#IAS Virtual Event Series: Hatim El-Hibri, Visions of Beirut

August 24, 2022
Speaking at #IAS Virtual Event Series, Hatim El-Hibri, assistant professor of film and media studies at George Mason University and author of Visions of Beirut: The Urban Life of Media Infrastructure, discussed the role images play in shaping the urban spaces and cultural imaginaries of Beirut. Using maps, urban plans, and aerial photographs, he explained how images are better understood in terms of the infrastructures that they help create and the visual culture of the city it shapes in return.

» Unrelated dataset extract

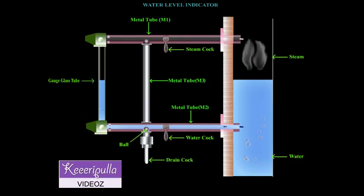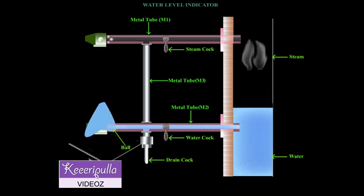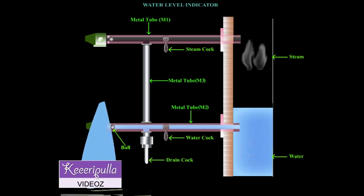The working of a water level indicator is discussed. For the observation of the water level in the boiler, the water and steam cocks are opened and the drain cock is closed. Steam enters from the upper metal tube M1 into the glass tube, and water enters from the lower metal tube M2 into the glass tube.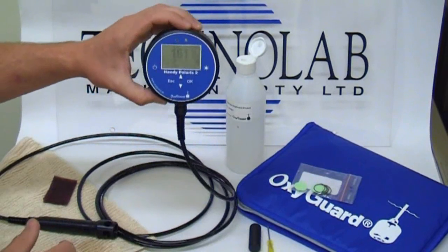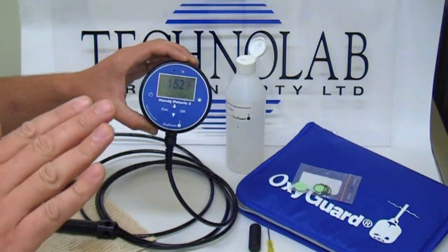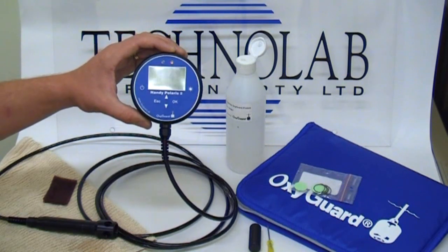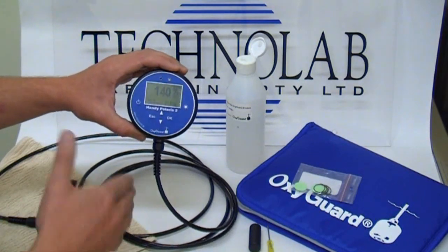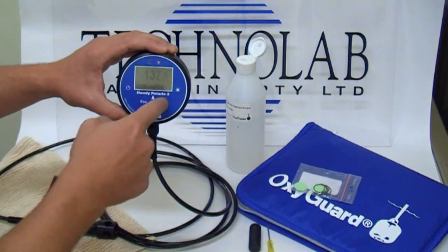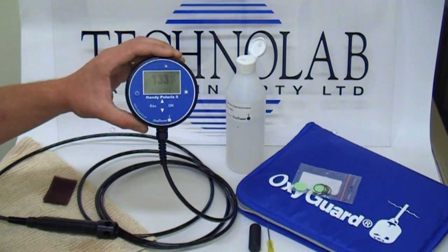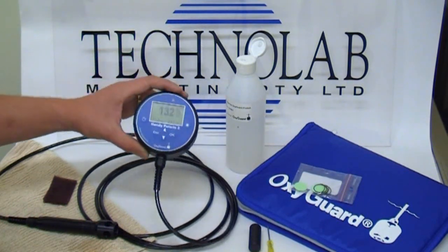What you will notice when you change the membrane is that the percent saturation, rather than reading 100%, spikes quite sharply — it may go up to 200% or 250%. What needs to happen now is we need to wait around 10 minutes for the probe to equilibrate. Basically that means the probe comes to temperature with the electrolyte and reaches balance. You'll find the percent saturation stops varying. We can't use the meter during this period because we haven't calibrated and it is still settling out, so we'll come back to do a calibrate.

The webinar with El-Hibri is part of the Institute for Advanced Study in the Global South’s #IAS Virtual Event Series.
About the book:
In Visions of Beirut, Hatim El-Hibri explores how the creation and circulation of images have shaped the urban spaces and cultural imaginaries of Beirut. Drawing on fieldwork and texts ranging from maps, urban plans, and aerial photographs to live television and drone-camera footage, El-Hibri traces how the technologies and media infrastructure that visualize the city are used to consolidate or destabilize regimes of power.
 
Throughout the twentieth century, colonial, economic, and military mapping projects helped produce and govern Beirut's spaces. In the 1990s, the imagery of its post-civil war downtown reconstruction cast Beirut as a site of financial investment in ways that obscured its ongoing crises. During and following the 2006 Israel/Hizbullah war, Hizbullah's use of live television broadcasts of fighting and protests along with its construction of a war memorial museum at a former secret military bunker demonstrate the tension between visualizing space and the practices of concealment.
 
Outlining how Beirut's urban space and public life intertwine with images and infrastructure, El-Hibri interrogates how media embody and exacerbate the region's political fault lines.